=== SUPPLIED DATA ===
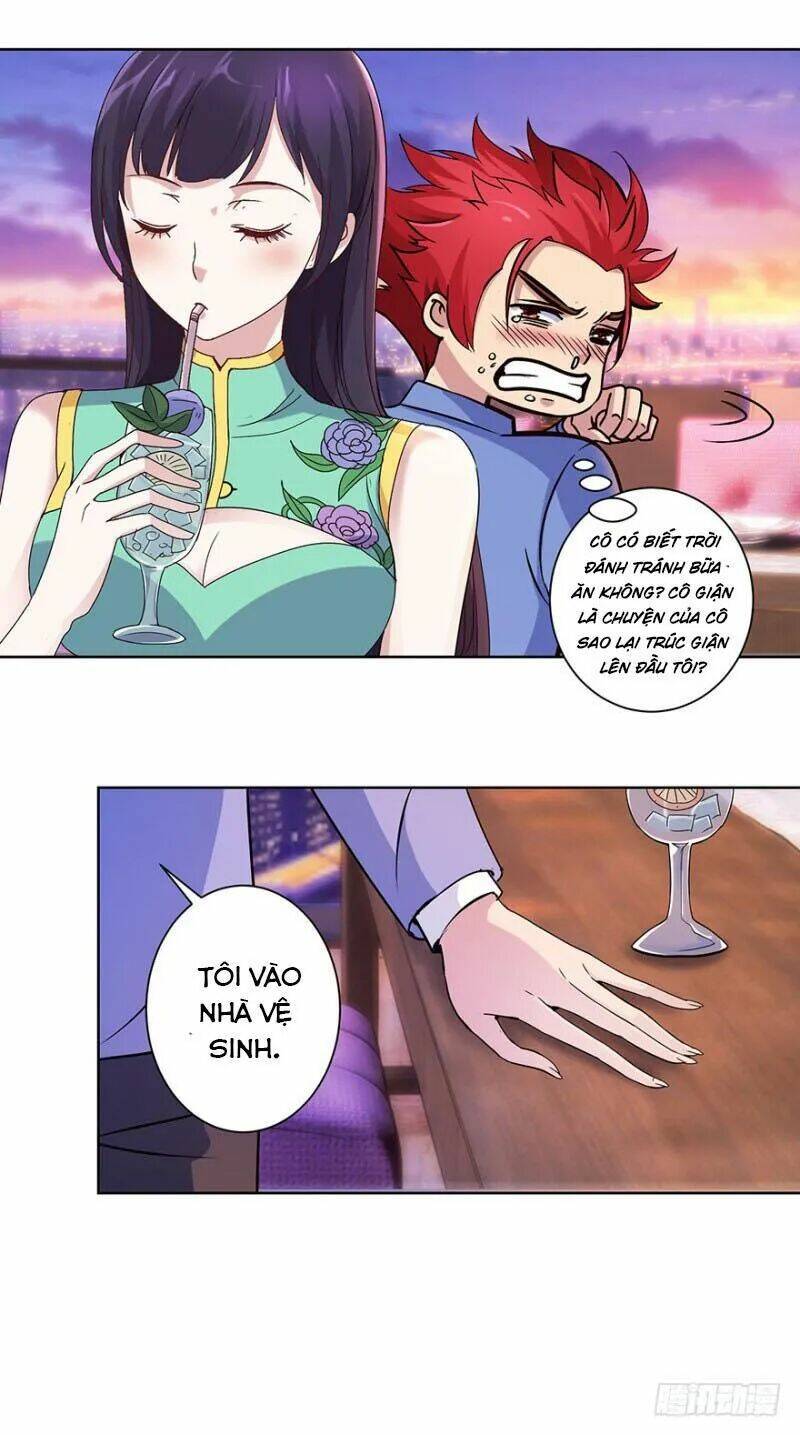 Chương 24 - Trang 8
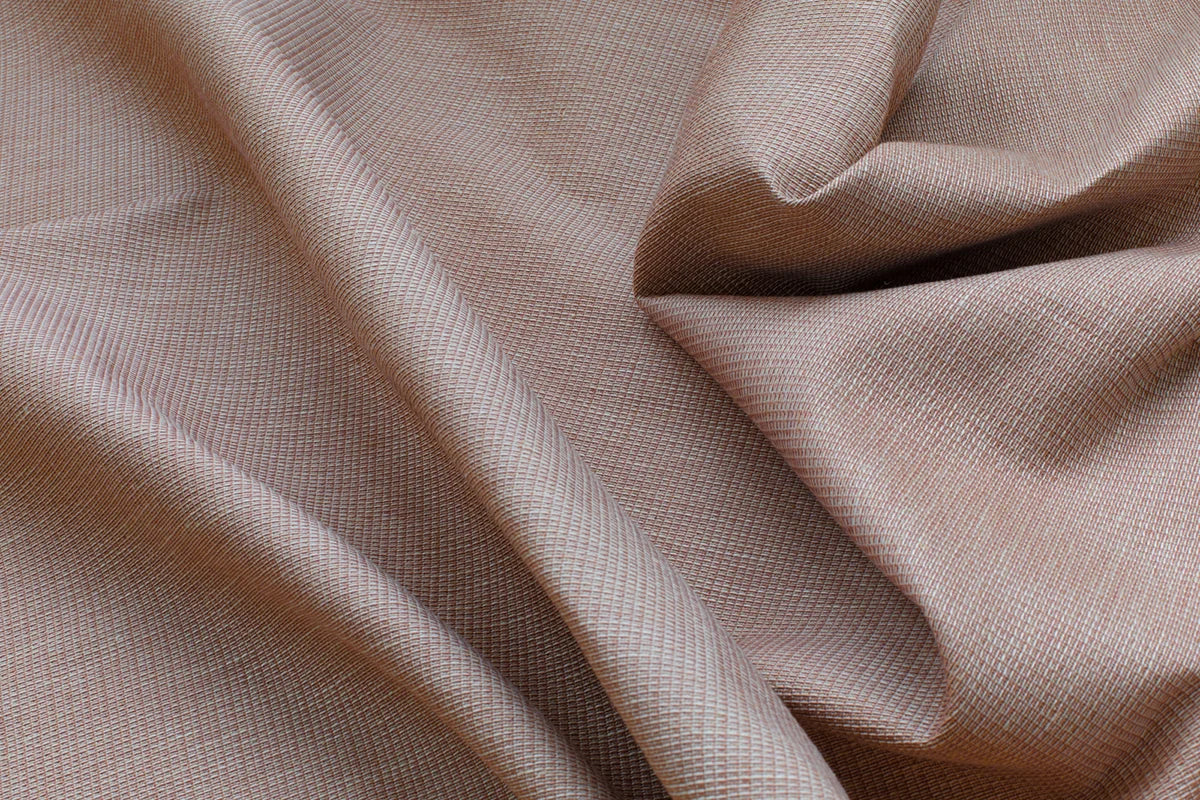 Serafina Plain - Amber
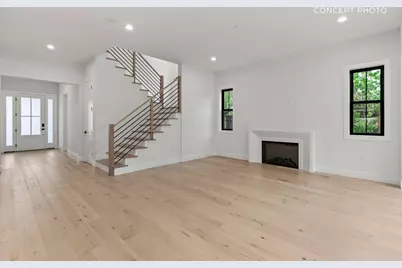 1710 Penny Way, Los Altos, CA 94024 - Photo 3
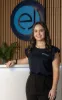 Amelia Barnett - Real Estate Agent - Ellejayne Realty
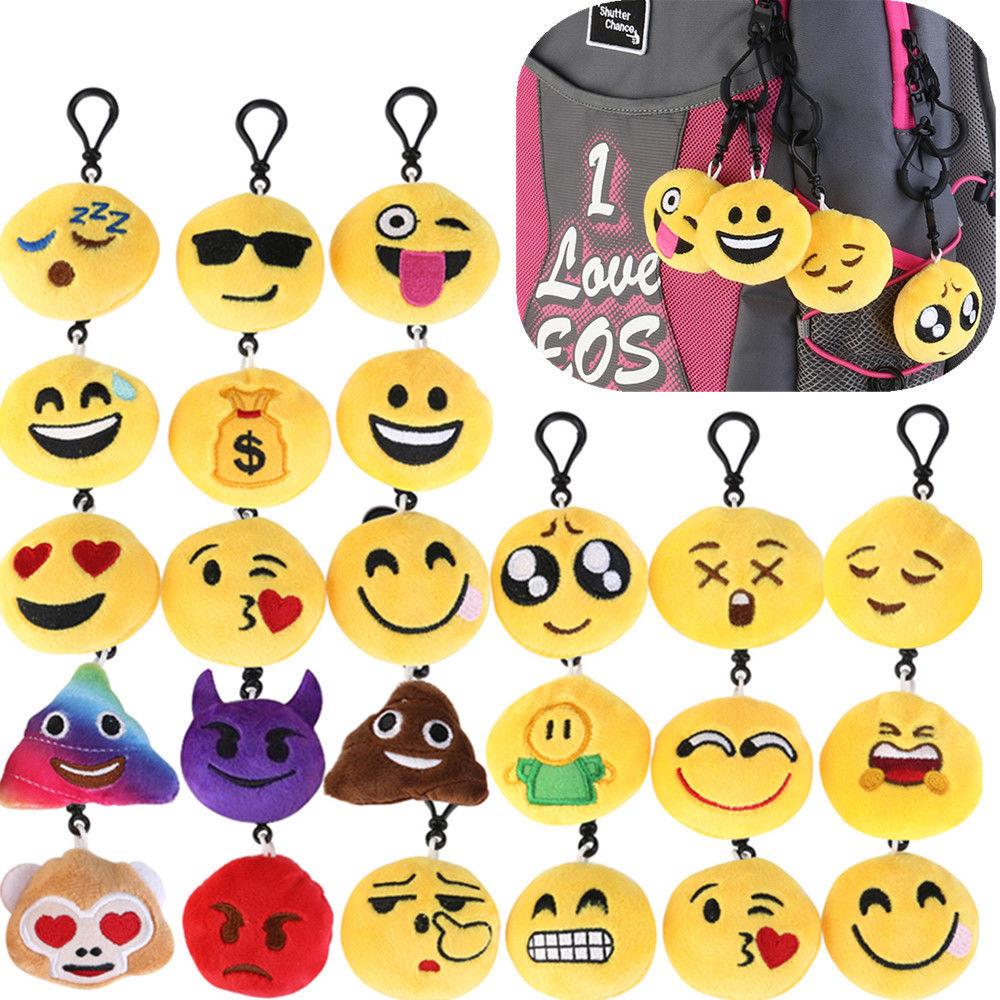 Buy Sell Cheapest CUTE EMOJI EMOTICON Best Quality Product Deals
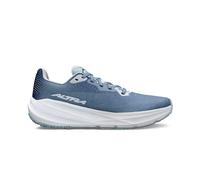 Chaussures Altra Experience Flow 3 bleu pâle blanc femme - 39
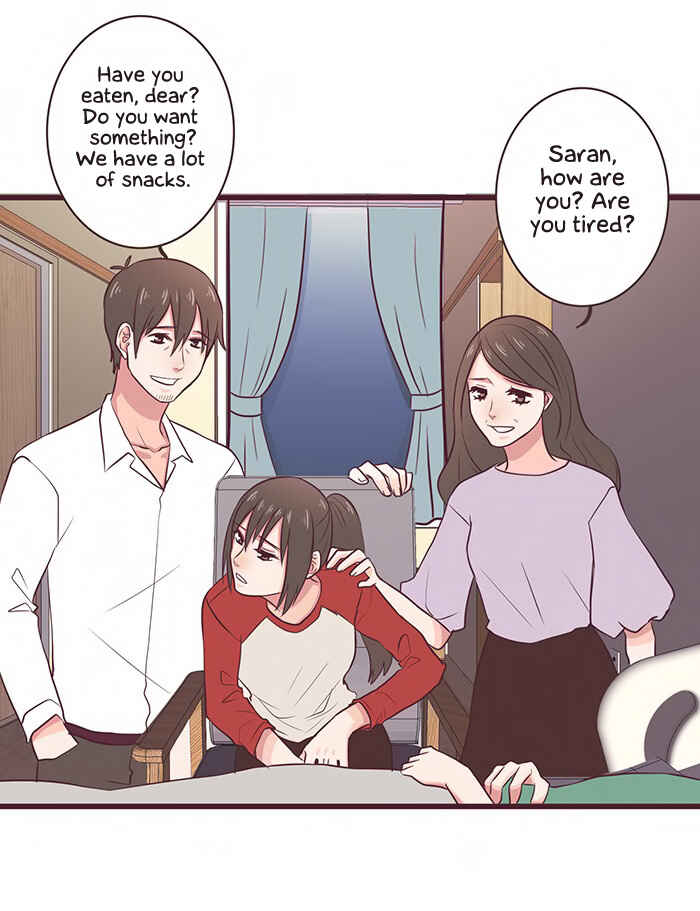 Chapter 57 - Page 16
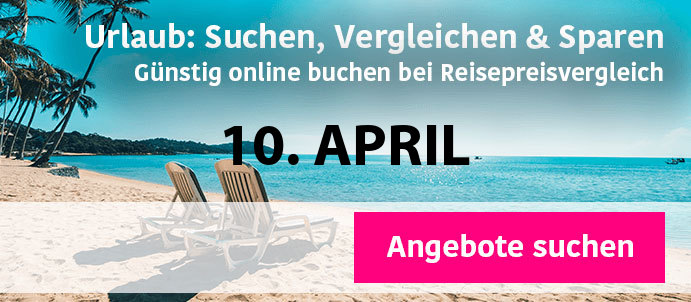 Urlaub-Abreise-10.04.2024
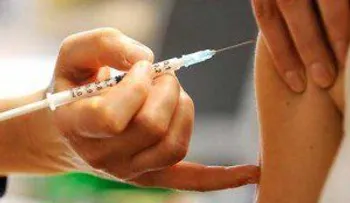 120 personas mueren por brote de fiebre hemorrágica en Sudán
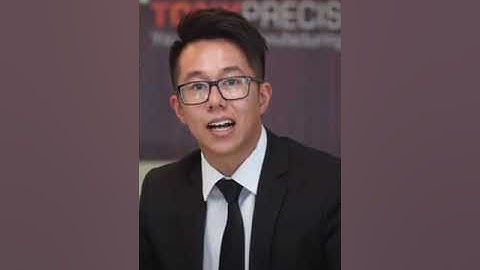 Hội bạn thân Hương Giang và Matt Liu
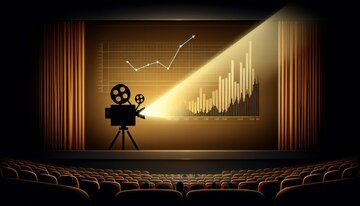 سقوط سلیقه یا سقوط سیاست‌گذاری در سینما؟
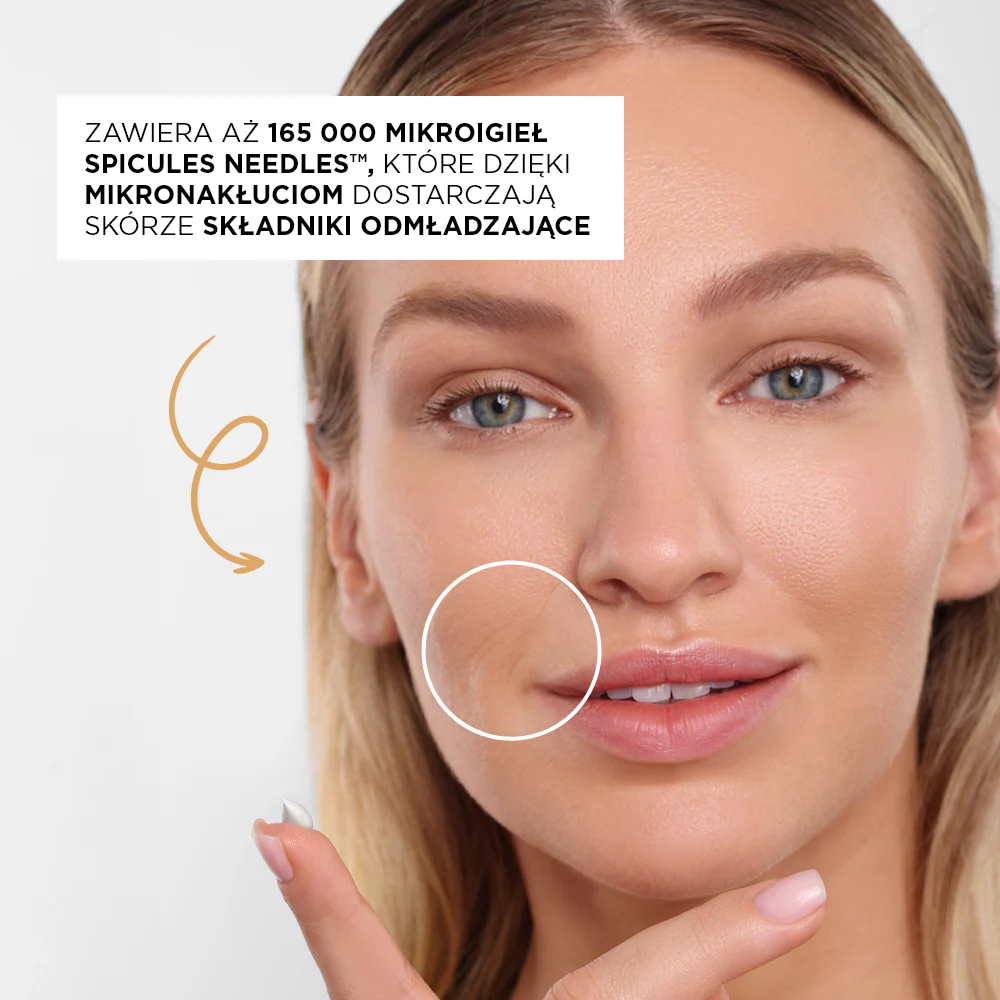 Ceramidowy mezo-booster 60+ - Image 5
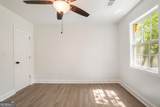 2249 East Drive - Photo 9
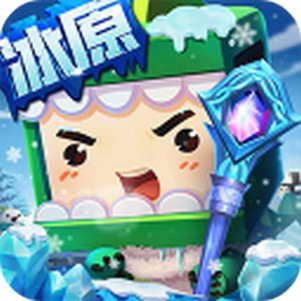 mini world��ԭ��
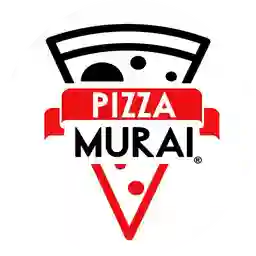 Pizza Murai Curico Av. Rauquén 1690 2264 a Domicilio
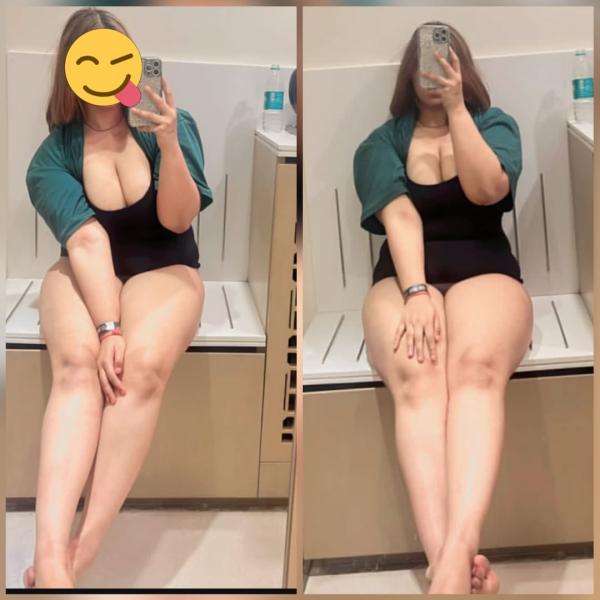 live-cam photo of Lanka Ads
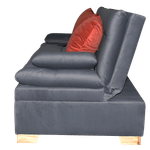 Sofa-cama-Andalucia-con-Baul-298B5401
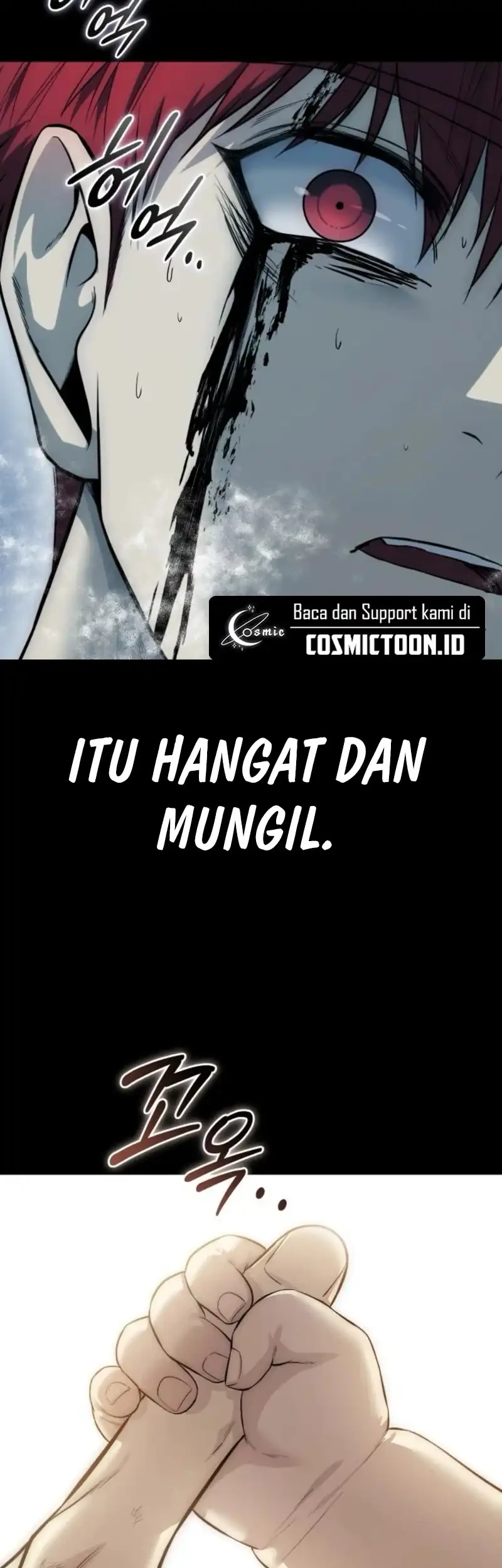 Halaman 330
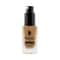 Character Studio Focus Liquid Foundation - PIF005 (40ml)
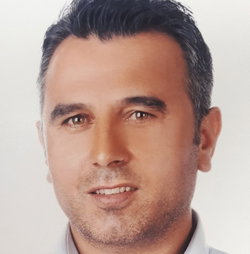 Musa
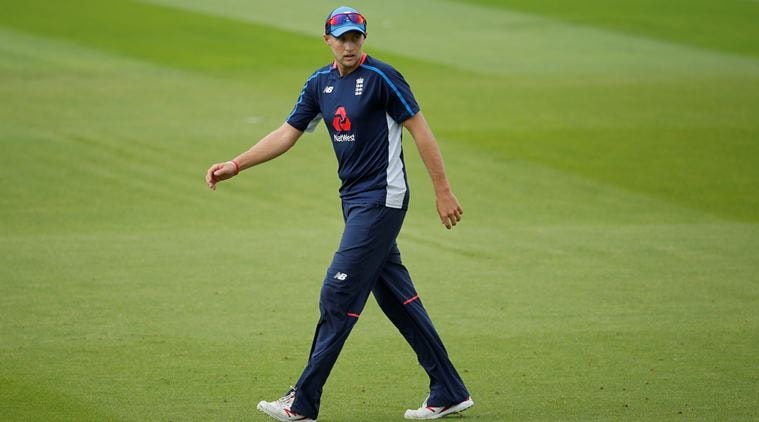england vs south africa 2017, eng vs sa, joe root, michael vaughan, test cricket, cricket, sports news, indian express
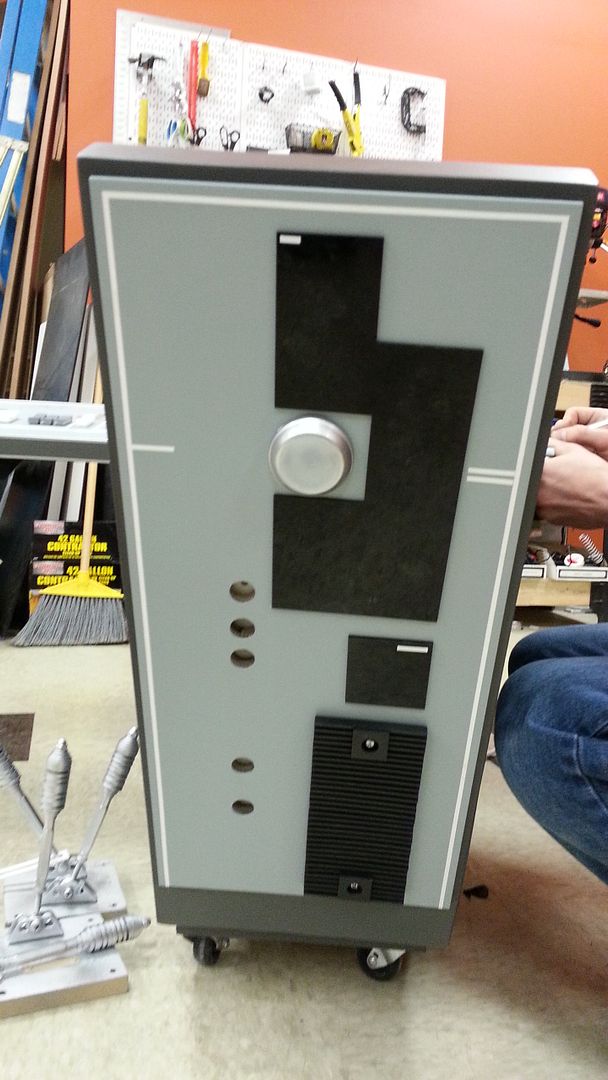 20140316_190336_zpsb7e60110.jpg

=== AIM OF THE EXERCISE ===
Repeat only the stretch of data above that runs from the line with "120 personas mueren" to the line with "Pizza Murai Curico". Keep both end lines; exclude pictures.

=== EXPECTED ANSWER ===
 120 personas mueren por brote de fiebre hemorrágica en Sudán
 Hội bạn thân Hương Giang và Matt Liu
 سقوط سلیقه یا سقوط سیاست‌گذاری در سینما؟
 Ceramidowy mezo-booster 60+ - Image 5
 2249 East Drive - Photo 9
 mini world��ԭ��
 Pizza Murai Curico Av. Rauquén 1690 2264 a Domicilio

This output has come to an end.